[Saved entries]
┌──
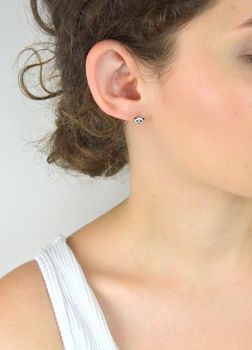 Urocze kolczyki dziecięce w kształcie misia pandy z cyrkonią. Wykonane ze srebra próby 925, lekkie (0,90 g), wielkość 7 mm. Bezpieczne zapięcie na sztyft. Model DIA-KLC-13167-925 – idealne dla dziewczynki (6).JPG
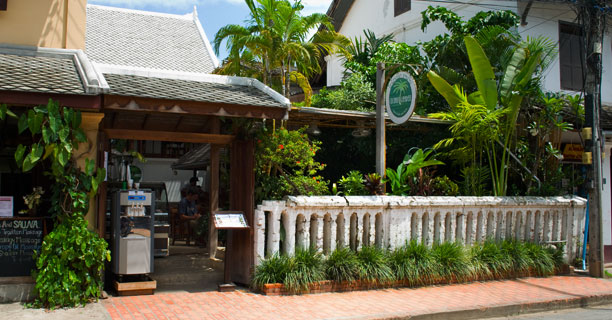 Entré du coconut garden restaurant - luang prabang - Laos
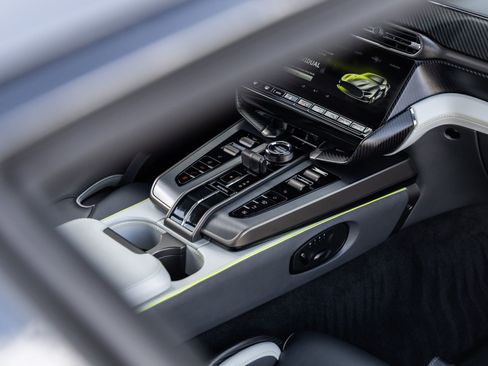 Used 2025 Aston Martin Vanquish image 53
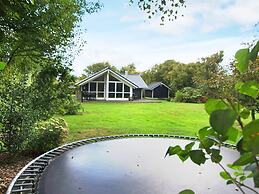 Whirlpool Cottage Oasis-by Traum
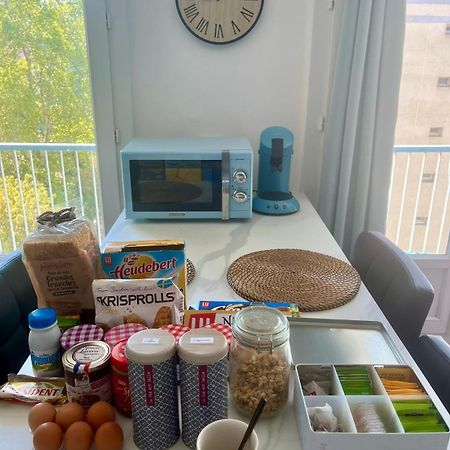 Chambre Privee Dans Un Appartement Partage Villeurbanne Bagian luar foto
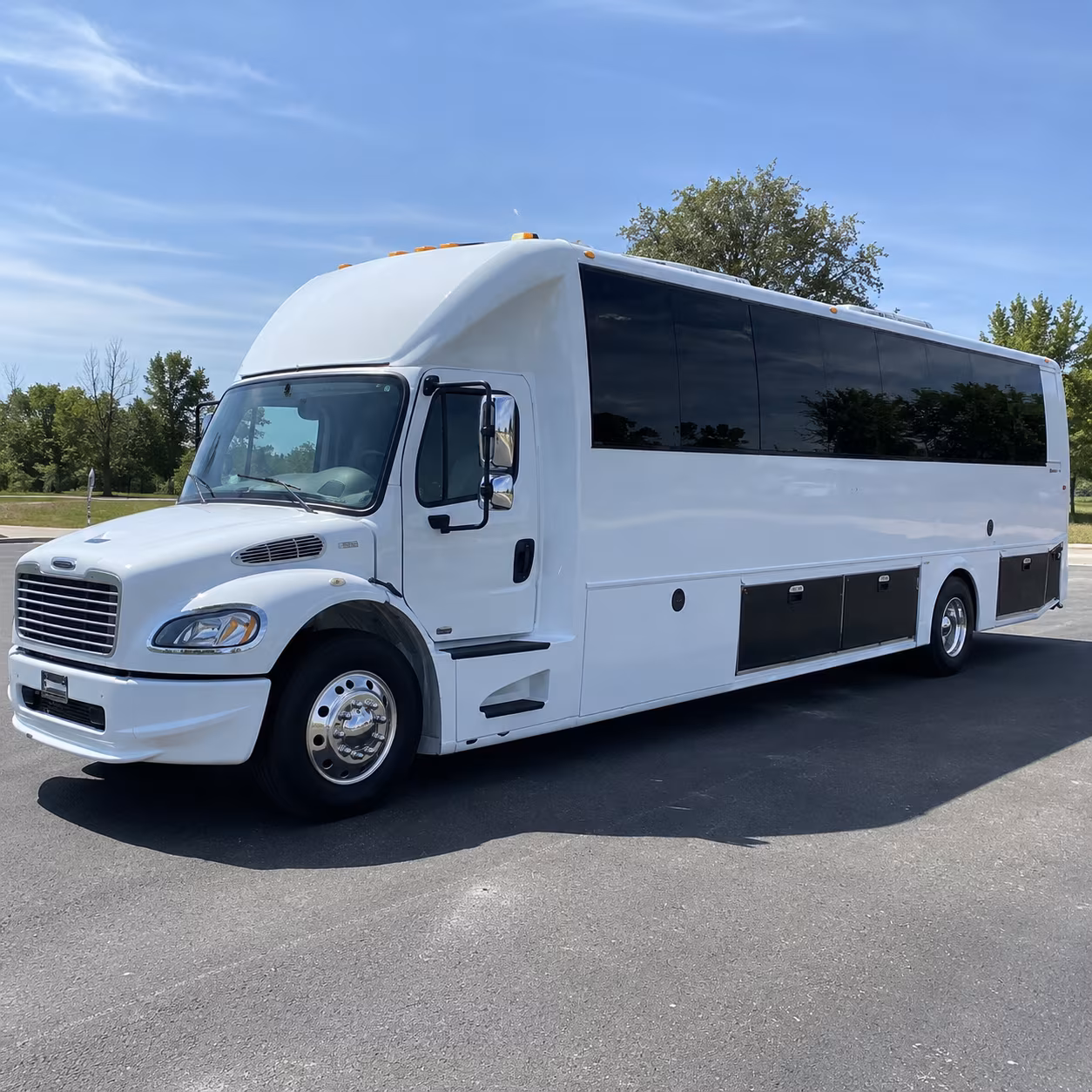 leander 40 passenger party bus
└──
WHAT IS NEEDED. Your output must match the records word for word, apart from the images, which are left out.

RESPONSE TO THIS EXERCISE.
 Urocze kolczyki dziecięce w kształcie misia pandy z cyrkonią. Wykonane ze srebra próby 925, lekkie (0,90 g), wielkość 7 mm. Bezpieczne zapięcie na sztyft. Model DIA-KLC-13167-925 – idealne dla dziewczynki (6).JPG
 Entré du coconut garden restaurant - luang prabang - Laos
 Used 2025 Aston Martin Vanquish image 53
 Whirlpool Cottage Oasis-by Traum
 Chambre Privee Dans Un Appartement Partage Villeurbanne Bagian luar foto
 leander 40 passenger party bus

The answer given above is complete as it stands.